Content starts

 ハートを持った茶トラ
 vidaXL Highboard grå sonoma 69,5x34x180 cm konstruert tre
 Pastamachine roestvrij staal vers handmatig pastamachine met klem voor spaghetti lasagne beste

Content ends
Content starts

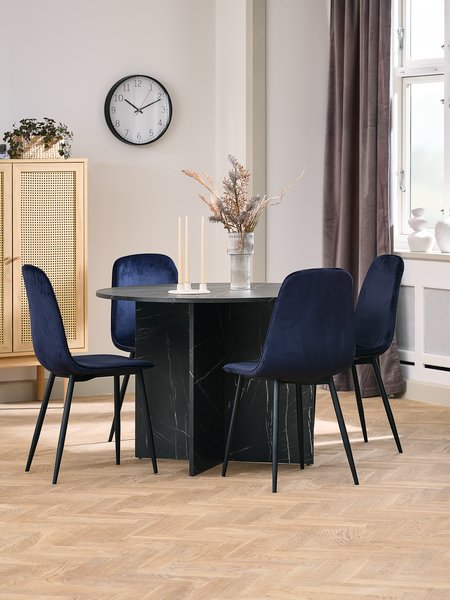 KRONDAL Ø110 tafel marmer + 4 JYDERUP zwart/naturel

Content ends

What you have to do
Using the data above, reproduce exactly the lines from the line that contains "vidaXL Highboard grå" through the line that contains "Pastamachine roestvrij staal", including both.

Output of the exercise
 vidaXL Highboard grå sonoma 69,5x34x180 cm konstruert tre
 Pastamachine roestvrij staal vers handmatig pastamachine met klem voor spaghetti lasagne beste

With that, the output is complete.